> _TASK BRIEF_:
Beginning with the line that has "Beit Shmuel Guest House" and ending with the line that has "mit V-Ausschnitt TWOAW24EL00147", retype the entries below exactly, except for the pictures.

> _EXERCISE MATERIALS_:
........
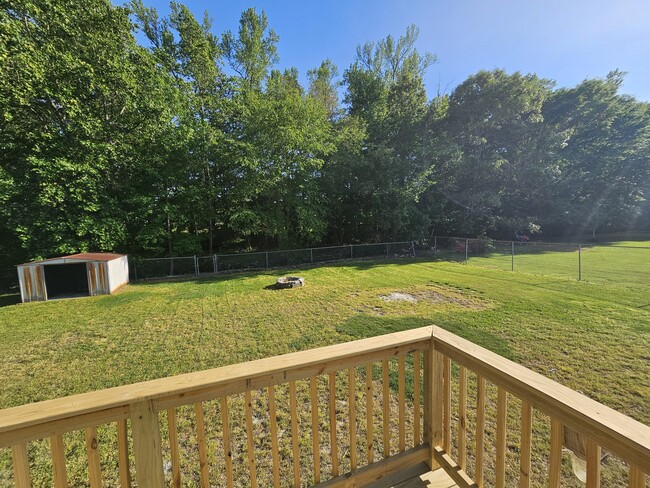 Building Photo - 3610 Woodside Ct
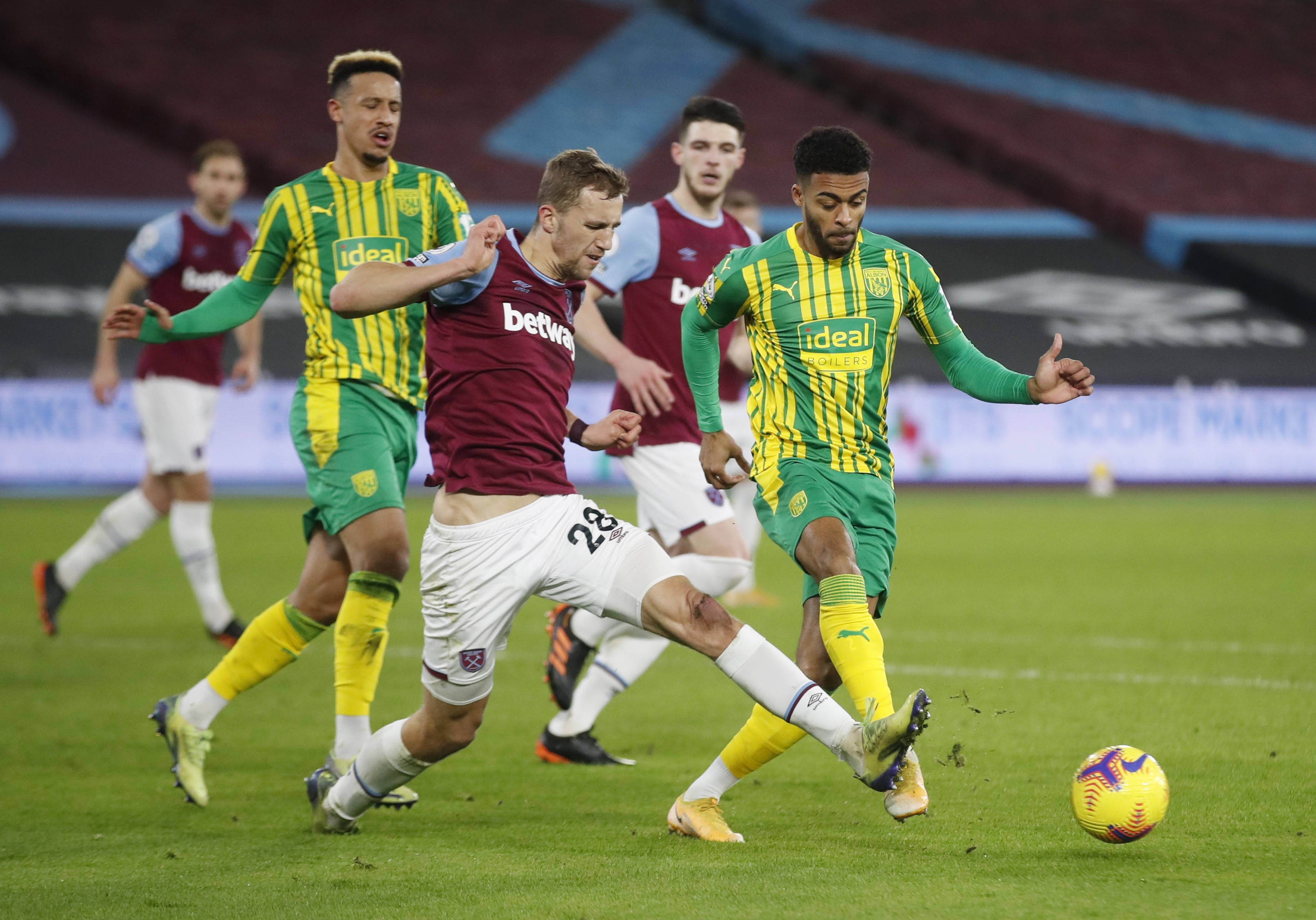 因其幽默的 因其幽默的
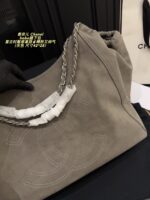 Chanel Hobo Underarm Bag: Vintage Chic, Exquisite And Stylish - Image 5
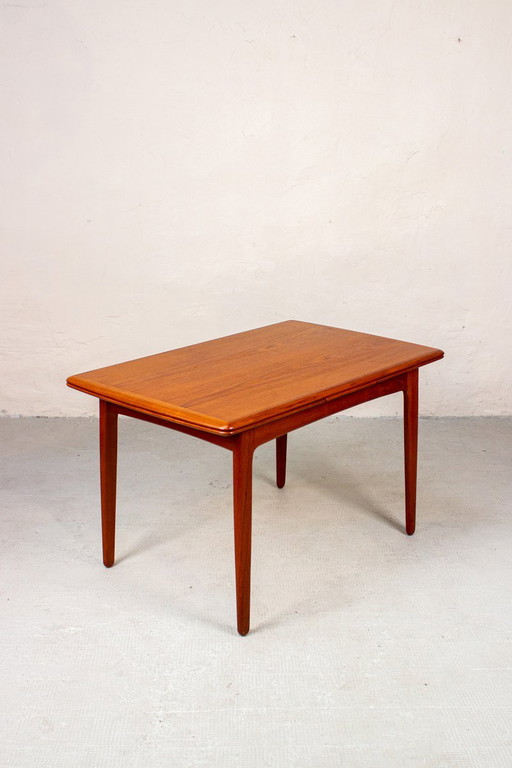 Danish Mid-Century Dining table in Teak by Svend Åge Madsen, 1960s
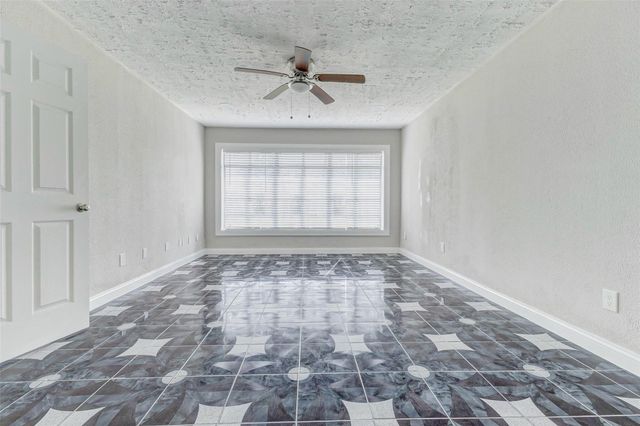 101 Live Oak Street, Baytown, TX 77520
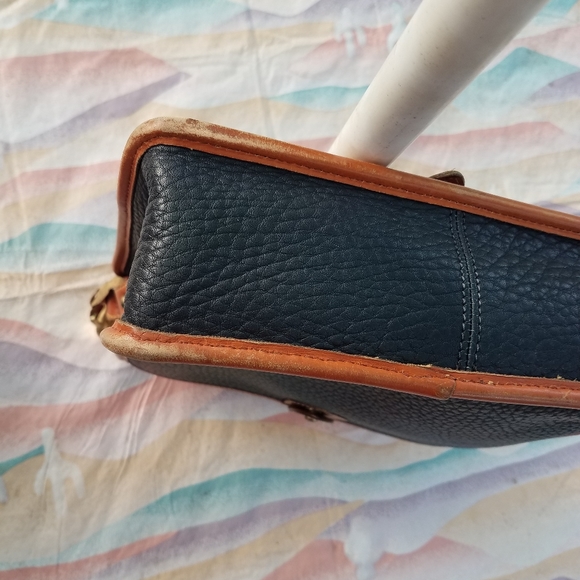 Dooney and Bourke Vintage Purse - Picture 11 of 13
........
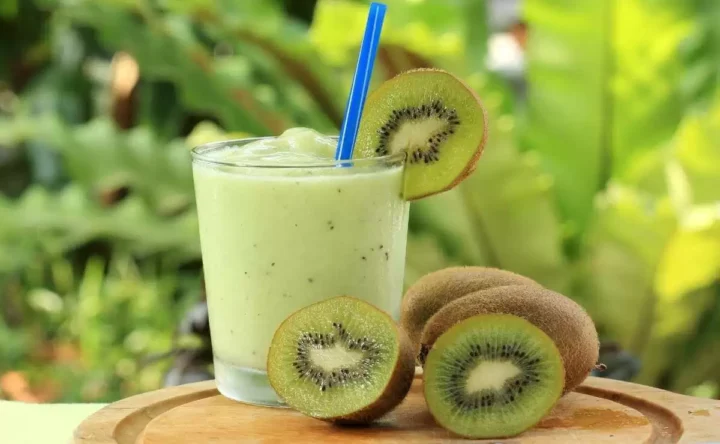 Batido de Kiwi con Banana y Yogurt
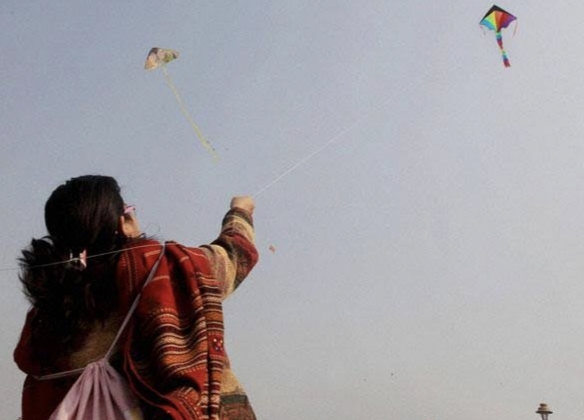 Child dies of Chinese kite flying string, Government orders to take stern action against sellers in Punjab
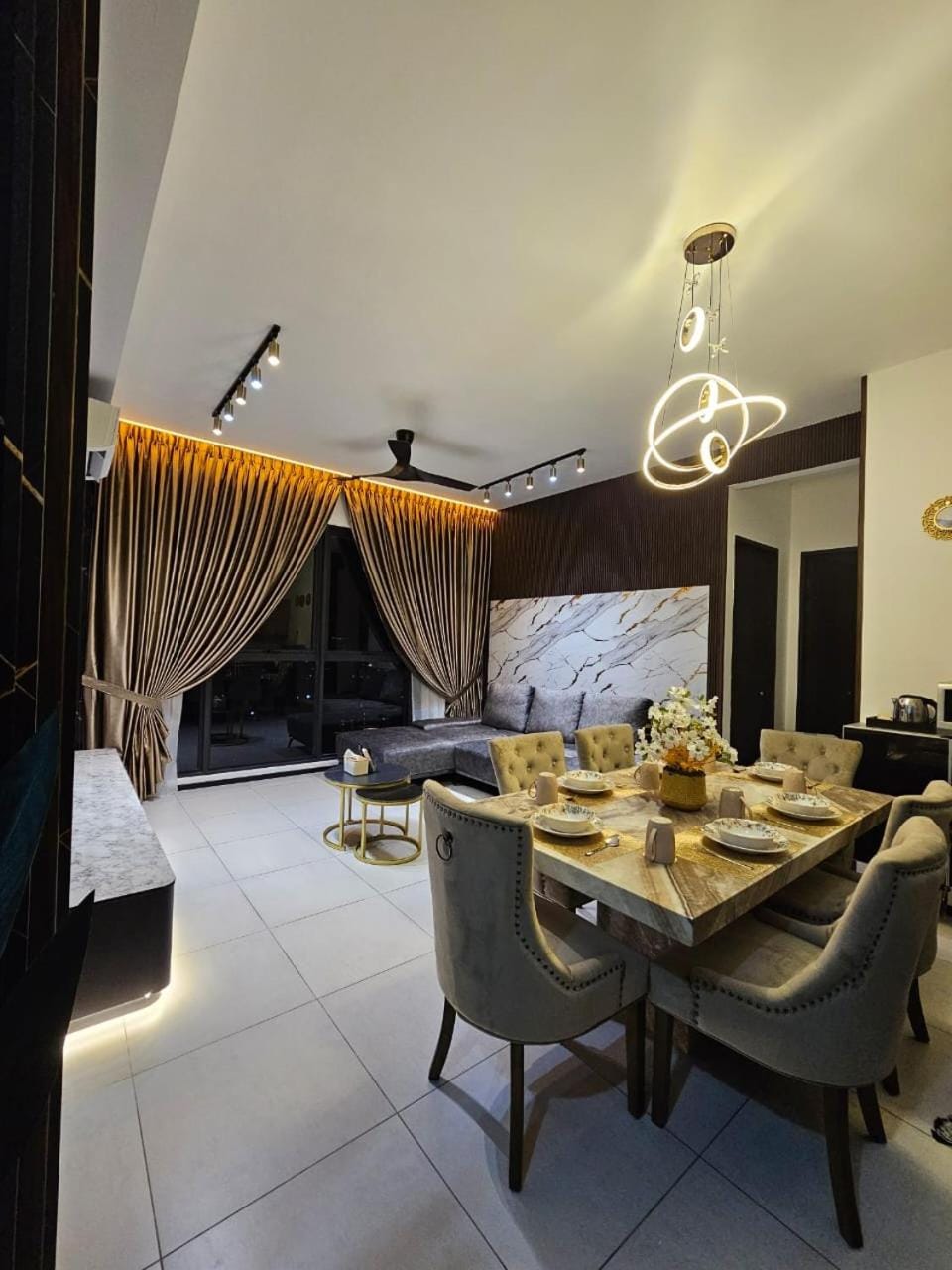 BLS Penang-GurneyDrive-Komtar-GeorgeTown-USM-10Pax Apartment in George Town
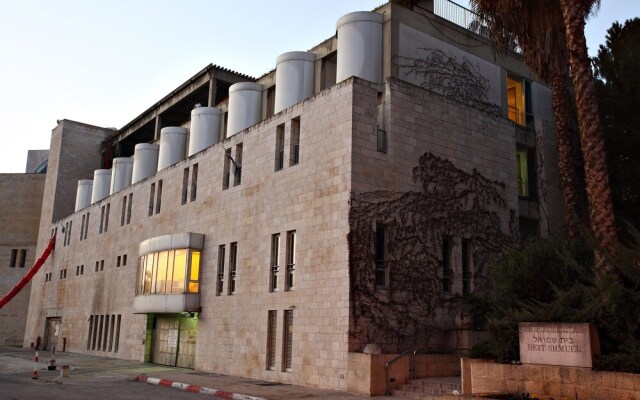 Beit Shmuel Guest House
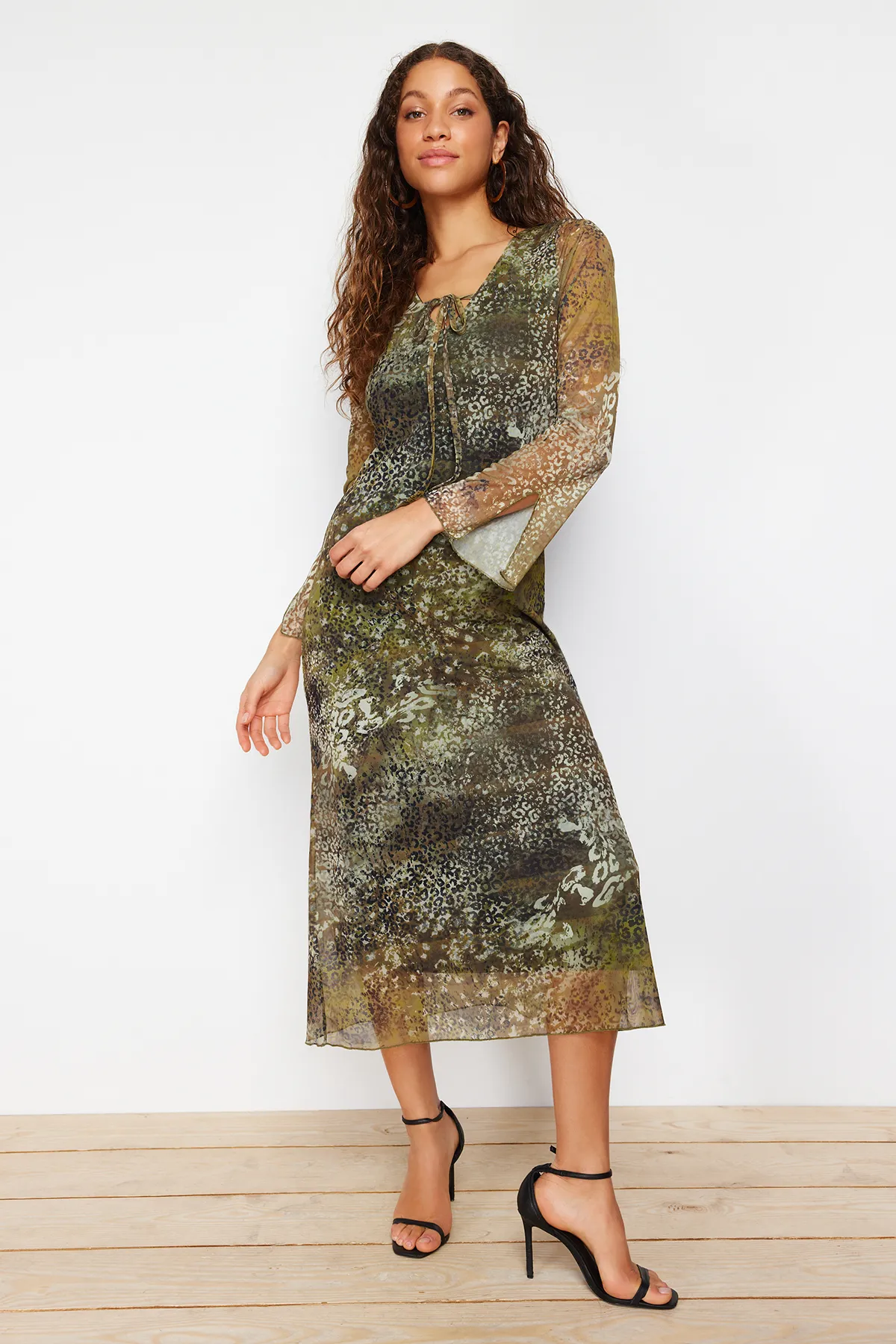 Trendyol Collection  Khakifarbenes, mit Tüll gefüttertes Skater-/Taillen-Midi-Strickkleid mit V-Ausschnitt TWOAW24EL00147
........
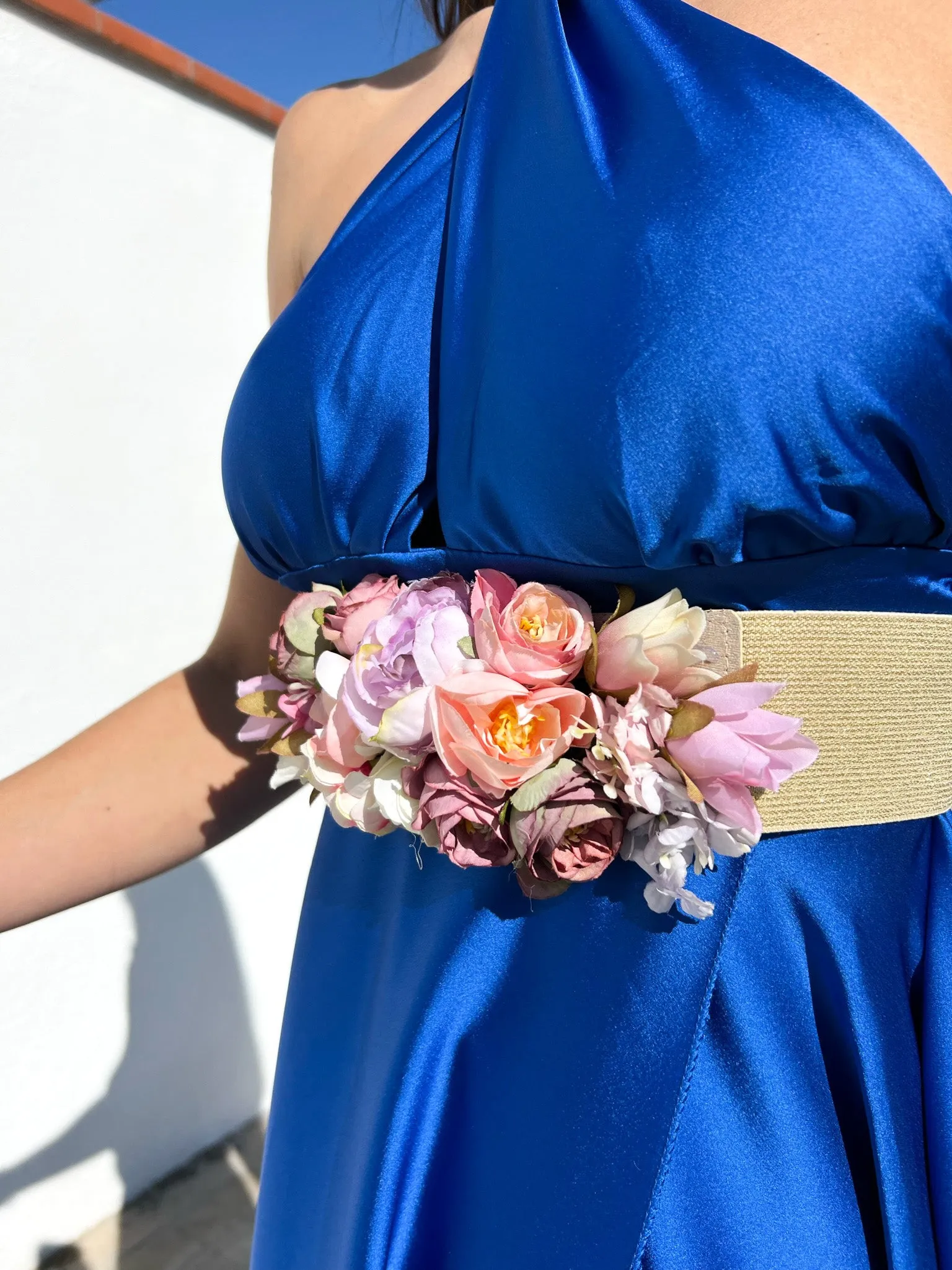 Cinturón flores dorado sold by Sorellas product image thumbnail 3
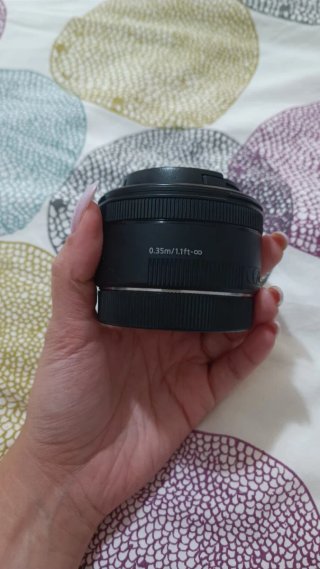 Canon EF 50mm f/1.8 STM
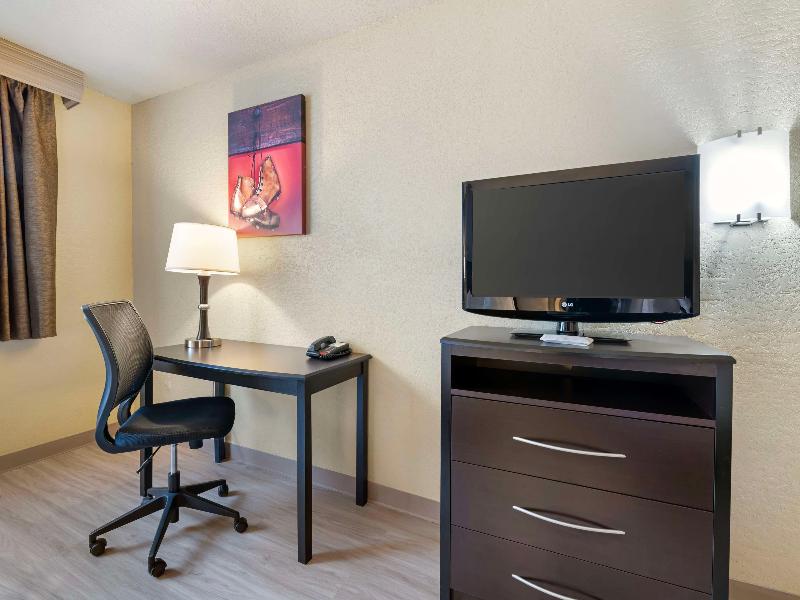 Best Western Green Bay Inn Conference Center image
........
> _REPLY TO THE TASK_:
 Beit Shmuel Guest House
 Trendyol Collection  Khakifarbenes, mit Tüll gefüttertes Skater-/Taillen-Midi-Strickkleid mit V-Ausschnitt TWOAW24EL00147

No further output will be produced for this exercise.